2 small potatoes (about 300g/11oz), cut into 1cm cubes

knob of lactose free butter

1 large handful, spinach, chopped

3 thyme sprigs, leaves chopped

1 tbsp Dijon mustard

2 tbsp lactose free cream

Flour (gluten free), for dusting

500g block gluten free shortcrust pastry

140g/ 5oz  strong cheddar, cut into small chunks

1 egg, beaten

Serves - 6


Cook the potatoes in boiling, salted water for 5-8 mins until tender, but still holding their shape.

Meanwhile, melt the lactose free butter in a large saucepan. Add the spinach and thyme and soften for 1-2 mins.

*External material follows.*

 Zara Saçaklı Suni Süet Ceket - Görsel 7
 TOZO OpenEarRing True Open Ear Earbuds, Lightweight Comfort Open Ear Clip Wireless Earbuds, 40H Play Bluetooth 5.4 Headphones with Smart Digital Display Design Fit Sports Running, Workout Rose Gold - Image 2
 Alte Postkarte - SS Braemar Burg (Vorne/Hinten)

Drain potatoes and add to the spinach with the mustard and plenty of seasoning.

Stir in the lactose free cream and leave to cool a little. Heat oven to 180C/160C fan/gas 4.

On a floured (gluten free) surface, roll out the gluten free pastry to the thickness of a coin.

Use a side plate or a bowl as a template to cut out 6 x 15cm circles.

Mix the cheese with the spinach mixture and pile a mound of the mix onto the centre of each gluten free pastry circle.

Brush around edges with a little egg, then bring edges together and crimp with your fingers to seal.

Place pasties on a baking tray lined with baking parchment, brush with the remaining egg and bake for 40-45 mins until golden brown. Serve warm or leave to cool.